START Provided data

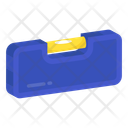 پیش‌نمایش فایل level-tool-10657881 از پک ساختمان‌سازی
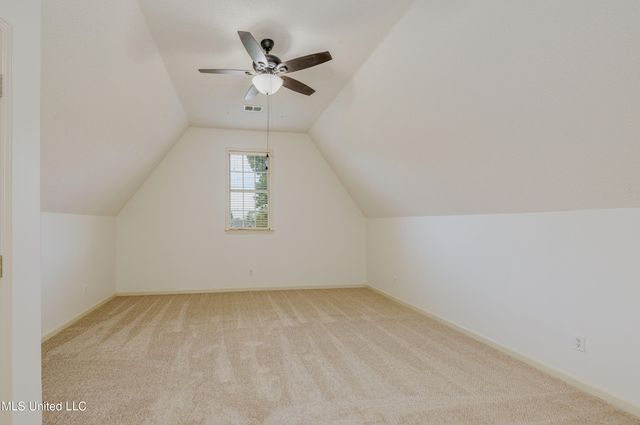 10321 Loftin Drive, Olive Branch, MS 38654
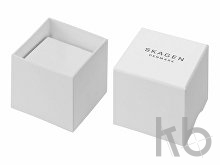 Подарочный набор: часы наручные мужские, браслет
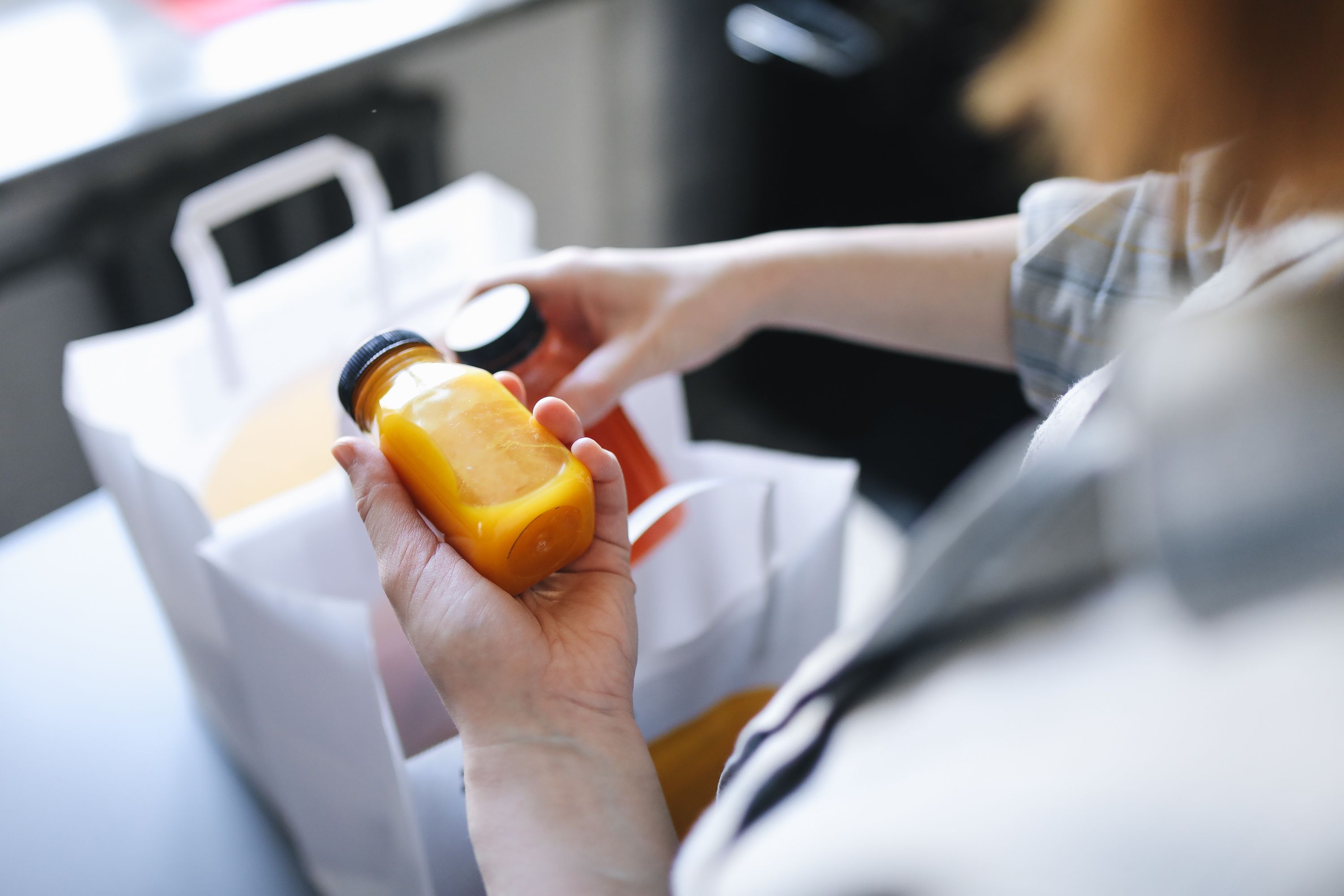 The Innocent Packing Mistake Getting Travelers Delayed at Airport Security This Month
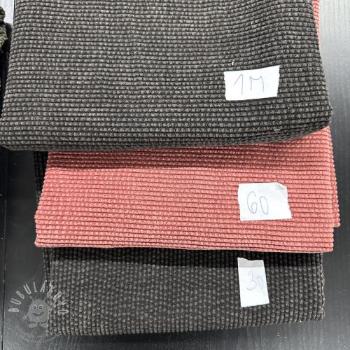 Kordbársony csomag 153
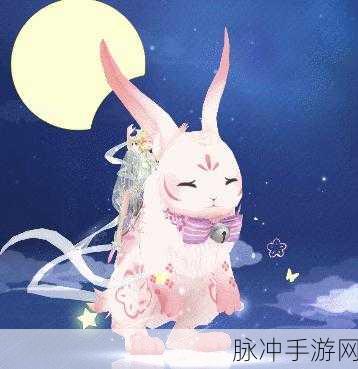 51爆料网最新ip地址：探索51爆料网最新IP地址，获取全新资讯与动态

END Provided data

Problem statement:
Beginning with the line that contains "The Innocent Packing" and ending with the final line of the entries, every line must be copied exactly; the pictures must not.

Problem solution:
 The Innocent Packing Mistake Getting Travelers Delayed at Airport Security This Month
 Kordbársony csomag 153
 51爆料网最新ip地址：探索51爆料网最新IP地址，获取全新资讯与动态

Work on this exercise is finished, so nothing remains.